(Provided entries)
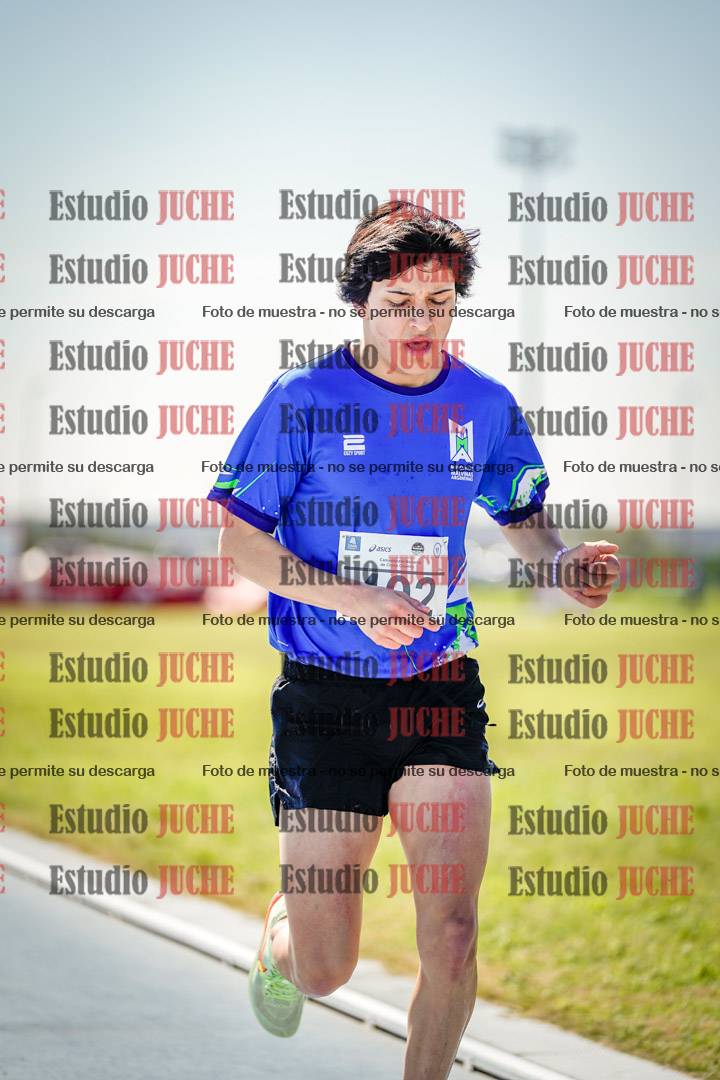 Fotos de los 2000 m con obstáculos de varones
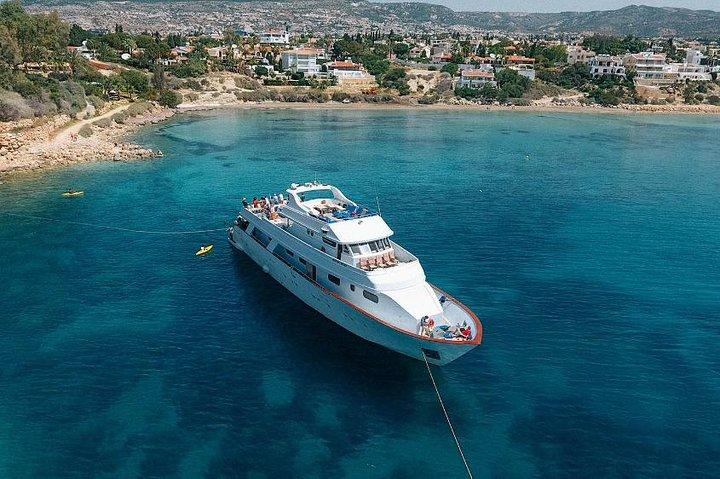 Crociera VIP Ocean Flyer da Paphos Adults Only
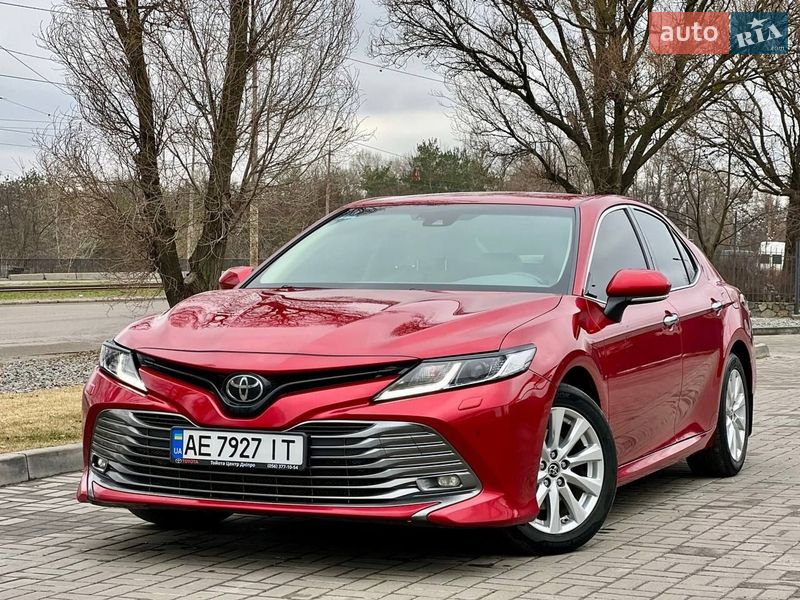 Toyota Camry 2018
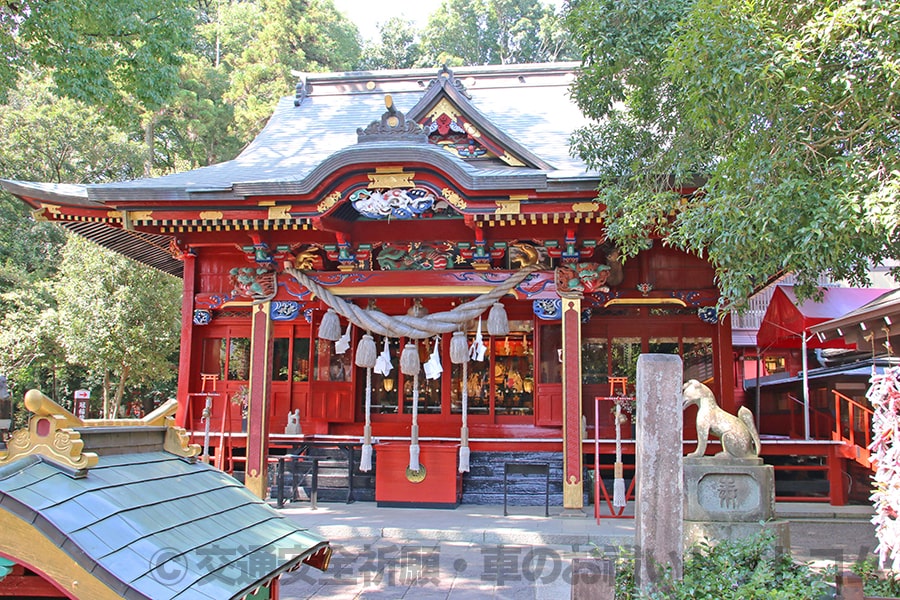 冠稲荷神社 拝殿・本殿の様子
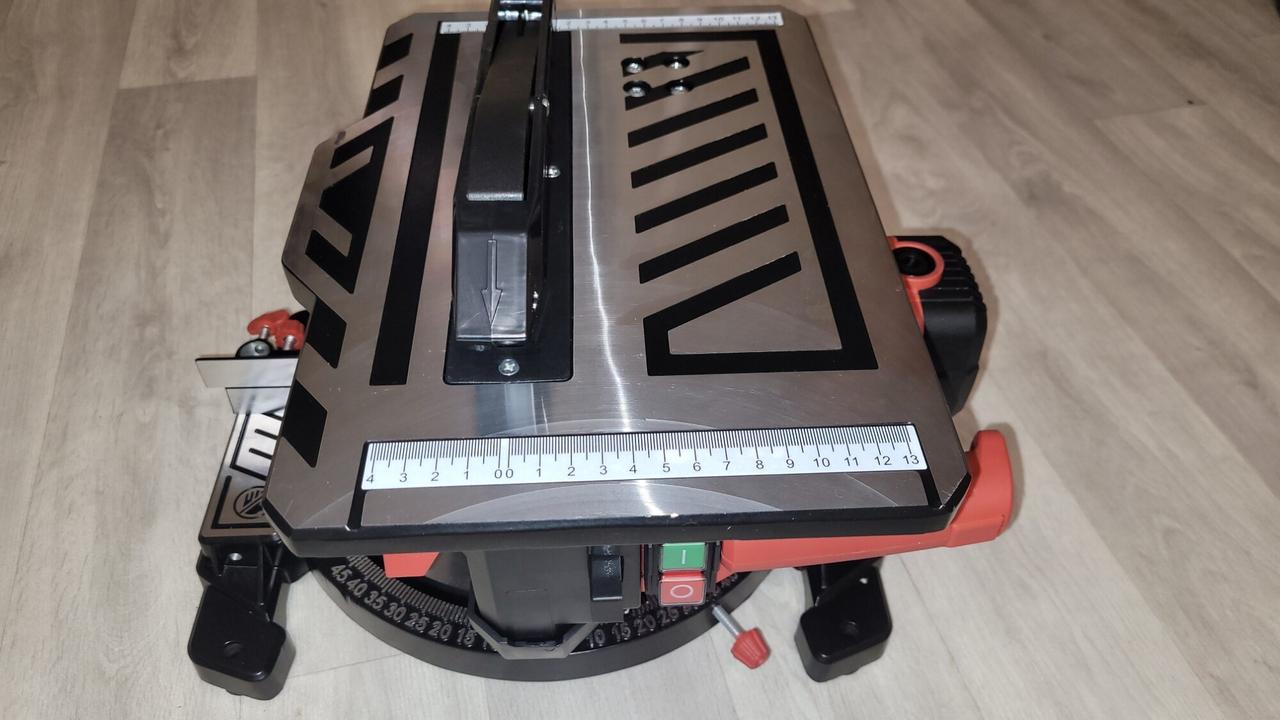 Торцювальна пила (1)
(End Provided entries)
Output the entries above verbatim, with no picture included.

 Fotos de los 2000 m con obstáculos de varones
 Crociera VIP Ocean Flyer da Paphos Adults Only
 Toyota Camry 2018
 冠稲荷神社 拝殿・本殿の様子
 Торцювальна пила (1)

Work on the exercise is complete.